C’est sans doute exagéré mais chez Goldman Sachs, on pense que d’ici à trois mois le pétrole ne vaudra pas 55 dollars comme l’assuraient les prédictions antérieures mais plutôt 47,50 dollars le baril. Le seul moyen de mettre fin à cette tendance baissière serait que les Etats-Unis réduisent leurs opérations d’hydro-fracturation ou que l’OPEP consente à de nouvelles coupes.
 

Le pétrole brut, il y en a à foison : l’Arabie saoudite veut se diversifier, vite

 
C’est peu probable, bien que, selon l’Agence internationale de l’énergie, les stocks de brut et 35 pays de l’OCDE sont plus élevés qu’ils ne l’étaient au moment où l’OPEP a décidé sa première réduction de production.
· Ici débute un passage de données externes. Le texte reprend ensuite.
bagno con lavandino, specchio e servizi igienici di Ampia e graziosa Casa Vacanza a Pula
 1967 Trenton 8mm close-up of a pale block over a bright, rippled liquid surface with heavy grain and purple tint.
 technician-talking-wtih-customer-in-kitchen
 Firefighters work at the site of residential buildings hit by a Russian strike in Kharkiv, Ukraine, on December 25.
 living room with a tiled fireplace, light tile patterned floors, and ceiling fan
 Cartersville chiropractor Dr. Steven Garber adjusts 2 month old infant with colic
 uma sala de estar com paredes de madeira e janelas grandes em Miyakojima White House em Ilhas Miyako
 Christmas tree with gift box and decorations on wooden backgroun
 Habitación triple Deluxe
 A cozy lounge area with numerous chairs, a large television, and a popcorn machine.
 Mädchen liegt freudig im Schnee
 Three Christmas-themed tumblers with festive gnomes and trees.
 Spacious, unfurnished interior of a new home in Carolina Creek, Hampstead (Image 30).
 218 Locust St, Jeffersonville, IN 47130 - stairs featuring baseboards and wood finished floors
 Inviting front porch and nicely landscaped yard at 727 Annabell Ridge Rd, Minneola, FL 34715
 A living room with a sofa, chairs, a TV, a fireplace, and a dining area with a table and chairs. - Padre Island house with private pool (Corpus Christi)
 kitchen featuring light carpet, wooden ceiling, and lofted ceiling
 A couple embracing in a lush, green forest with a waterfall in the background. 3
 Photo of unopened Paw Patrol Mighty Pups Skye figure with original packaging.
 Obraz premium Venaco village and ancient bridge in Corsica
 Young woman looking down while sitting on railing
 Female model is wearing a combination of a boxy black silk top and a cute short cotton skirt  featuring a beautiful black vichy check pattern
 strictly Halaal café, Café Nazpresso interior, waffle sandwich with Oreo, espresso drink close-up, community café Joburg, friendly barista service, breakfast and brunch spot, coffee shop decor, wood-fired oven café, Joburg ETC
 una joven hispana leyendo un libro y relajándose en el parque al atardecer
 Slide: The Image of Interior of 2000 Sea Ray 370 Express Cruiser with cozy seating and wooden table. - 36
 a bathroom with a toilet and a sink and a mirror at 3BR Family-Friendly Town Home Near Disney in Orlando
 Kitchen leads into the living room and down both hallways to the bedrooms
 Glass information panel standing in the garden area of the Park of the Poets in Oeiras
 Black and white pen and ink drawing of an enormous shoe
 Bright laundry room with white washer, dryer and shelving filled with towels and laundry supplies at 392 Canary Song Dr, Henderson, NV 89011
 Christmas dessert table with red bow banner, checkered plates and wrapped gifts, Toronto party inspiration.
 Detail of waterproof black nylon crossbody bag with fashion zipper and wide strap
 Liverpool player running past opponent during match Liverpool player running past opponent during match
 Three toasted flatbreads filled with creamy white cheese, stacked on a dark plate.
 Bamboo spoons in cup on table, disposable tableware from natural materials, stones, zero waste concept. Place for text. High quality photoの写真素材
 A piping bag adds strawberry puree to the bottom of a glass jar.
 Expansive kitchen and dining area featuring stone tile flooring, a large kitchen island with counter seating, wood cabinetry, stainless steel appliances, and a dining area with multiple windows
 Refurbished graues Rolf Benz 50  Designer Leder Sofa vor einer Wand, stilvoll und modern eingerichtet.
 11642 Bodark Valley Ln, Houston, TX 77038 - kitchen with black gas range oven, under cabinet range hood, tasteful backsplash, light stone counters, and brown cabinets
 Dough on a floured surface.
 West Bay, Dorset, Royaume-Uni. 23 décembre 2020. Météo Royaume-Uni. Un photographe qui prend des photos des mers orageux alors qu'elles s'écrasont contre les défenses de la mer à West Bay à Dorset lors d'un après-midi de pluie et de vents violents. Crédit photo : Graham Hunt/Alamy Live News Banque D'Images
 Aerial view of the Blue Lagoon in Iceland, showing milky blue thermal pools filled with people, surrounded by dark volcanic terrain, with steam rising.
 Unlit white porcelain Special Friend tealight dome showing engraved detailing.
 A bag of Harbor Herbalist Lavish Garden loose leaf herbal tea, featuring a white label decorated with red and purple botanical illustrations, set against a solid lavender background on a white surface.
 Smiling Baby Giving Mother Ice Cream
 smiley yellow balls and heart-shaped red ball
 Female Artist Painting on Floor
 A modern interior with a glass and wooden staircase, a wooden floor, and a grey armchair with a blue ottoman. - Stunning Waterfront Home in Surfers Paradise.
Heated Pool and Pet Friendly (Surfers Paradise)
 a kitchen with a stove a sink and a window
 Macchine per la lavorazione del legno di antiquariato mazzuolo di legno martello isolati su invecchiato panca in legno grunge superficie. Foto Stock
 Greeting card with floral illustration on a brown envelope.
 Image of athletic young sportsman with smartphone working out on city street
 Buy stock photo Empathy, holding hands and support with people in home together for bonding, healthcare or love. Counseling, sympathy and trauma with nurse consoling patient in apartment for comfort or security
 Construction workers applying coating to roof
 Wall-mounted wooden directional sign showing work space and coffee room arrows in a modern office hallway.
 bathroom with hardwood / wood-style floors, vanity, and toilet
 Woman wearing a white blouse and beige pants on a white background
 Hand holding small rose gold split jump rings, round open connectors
Dans le même temps, l’administration américaine de l’information sur l’énergie vient d’annoncer que les stocks de brut ont augmenté de 118.000 barils la semaine dernière.
 
L’entente au sein de l’OPEP est elle-même fragile. Au fur et à mesure que les prix baissent, que les revenus diminuent d’autant et que les situations internes des pays membres se dégradent, certains membres sont fortement tentés d’augmenter unilatéralement leur production pour compenser les pertes.
 
Quant aux Etats-Unis, ils sont loin d’avoir dit leur dernier mot. Nombre de forages ont révélé des gisements de gaz de schiste parfaitement exploitables. Il y a près de 6.000 de ces puits quasiment prêts à l’emploi dont les investissements de préparation ont déjà été réalisés : ils n’attendent que la mise en service, qui pourrait intervenir dès que les coûts de celle-ci et de l’exploitation seront rentables par rapport au prix du brut. Sur le papier c’est déjà le cas.